Sometime, just about two years ago, I had an HP 2000 Notebook running Windows 8.1. It was relatively low power, running only a dual core AMD processor, integrated AMD graphics, and 4GB of RAM. It wasn’t a terrible laptop, and despite it being very controversial, Windows 8 wasn’t a terrible operating system.
That being said, the experience wasn’t well optimized, and I was curious about alternatives. I had studied and tinkered with computer hardware and software before, and I knew what Linux was. What sparked my movement away from Windows wasn’t Linux, however. I looked into MacOS. I’d used it before, and it was an alternative I’d understood fully the option of Hackintoshing. After a bit of consideration, I went on to download my first Linux distro, that being Xubuntu. I’d done this because my original focus was low overhead.
To give somewhat of a backstory to my insanity that leads up to present day, I’d like to say I really had no contingency plan. No backup, no other alternative, just shooting in the dark. I installed Xubuntu, completely wiping my drive. Keep in mind, I also did not have recovery disks. I liked it, but it wasn’t quite for me. So for the course of six hours, through the night and into the morning, I hopped from Xubuntu to Lubuntu to various flavors of Mint . So when people ask me how long it took me to use Linux only, I can honestly answer with “Immediately”, but I generally say six hours because I usually get less of the annoying bunches of questions from people who can’t take a simple answer or just don’t believe it. That being said, I stuck with Mint for quite a while, and through the months, I hopped from distro to distro using absolutely everything I could in an unreasonable amount of time. I actually hadn’t tried Ubuntu MATE until December 2016. I used the 16.04 release, and I was very dissatisfied, I’ll be honest. The entire thing felt more outdated than Xfce, and it was quirky in ways that just ■■■■■■ me off.
In the time of just under two years of using Linux, I’ve already created a successful, local business model servicing various needs from tech support and consulting, to services such as offloaded encoding and storage of files and media. I’ve had no need to use Windows for anything, though I do fix and support systems running Windows, as I do keep up on my knowledge base of it, and remain familiar with it.
I didn’t stop using Windows for privacy reasons, because I’m quite practical in that sense. Realistically, once you connect to the internet, your privacy is gone. Deal with it. No, I just stopped using Windows because Linux works better for me. I have more choices, as cliché as that sounds and is, but I also like the way these systems work. I like the way they evolve, and I love the way the community drives them forward.

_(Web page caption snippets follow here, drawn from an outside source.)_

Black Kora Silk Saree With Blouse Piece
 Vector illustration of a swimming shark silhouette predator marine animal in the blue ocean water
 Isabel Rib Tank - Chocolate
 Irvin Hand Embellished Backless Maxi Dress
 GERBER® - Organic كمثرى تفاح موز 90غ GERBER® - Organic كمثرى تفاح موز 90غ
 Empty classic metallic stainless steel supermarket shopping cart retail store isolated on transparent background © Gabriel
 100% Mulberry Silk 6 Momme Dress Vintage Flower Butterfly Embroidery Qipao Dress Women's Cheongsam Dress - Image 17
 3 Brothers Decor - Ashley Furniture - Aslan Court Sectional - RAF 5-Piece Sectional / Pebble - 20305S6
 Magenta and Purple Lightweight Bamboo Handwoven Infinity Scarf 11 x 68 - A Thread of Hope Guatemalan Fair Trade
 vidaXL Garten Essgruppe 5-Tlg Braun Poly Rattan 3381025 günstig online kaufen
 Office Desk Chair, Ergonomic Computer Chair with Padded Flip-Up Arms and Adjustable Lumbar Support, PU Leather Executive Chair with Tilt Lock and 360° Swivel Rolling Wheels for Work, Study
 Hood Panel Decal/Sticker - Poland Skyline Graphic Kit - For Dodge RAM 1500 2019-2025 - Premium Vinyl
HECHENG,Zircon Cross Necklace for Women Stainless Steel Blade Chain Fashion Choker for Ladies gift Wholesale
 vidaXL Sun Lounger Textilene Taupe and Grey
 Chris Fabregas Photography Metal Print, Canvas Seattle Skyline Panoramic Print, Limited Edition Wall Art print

All that being said, despite first impressions, and 16.10 wasn’t much better, when 17.04 rolled around I hopped on to give it another shot. I’ve got to say, that some incredible changes were made. I’m a fan of the Ubuntu base, and I was quite pleased with the way things turned out. Not only was Ubuntu MATE much more stable than it previously was, it was also much more refined. Between the welcome screen which was actually useful (something very rarely seen, most of the time they require more work to get the help than is helpful itself.), and the theming improvements, better up to date software, smoother performance and overall integration. Still missing Brisk menu hotkey, and the menu on the panel by default is atrocious, but it’s not a deal breaker. Ubuntu MATE is my current daily driver, and it will be for quite some time. I could immediately tell the difference and the amount of work the team has put into the project, and it’s paid off.
At the end of it all, I’m an Ubuntu MATE user and enthusiast, which is something I never thought I’d say, but I’m definitely happy.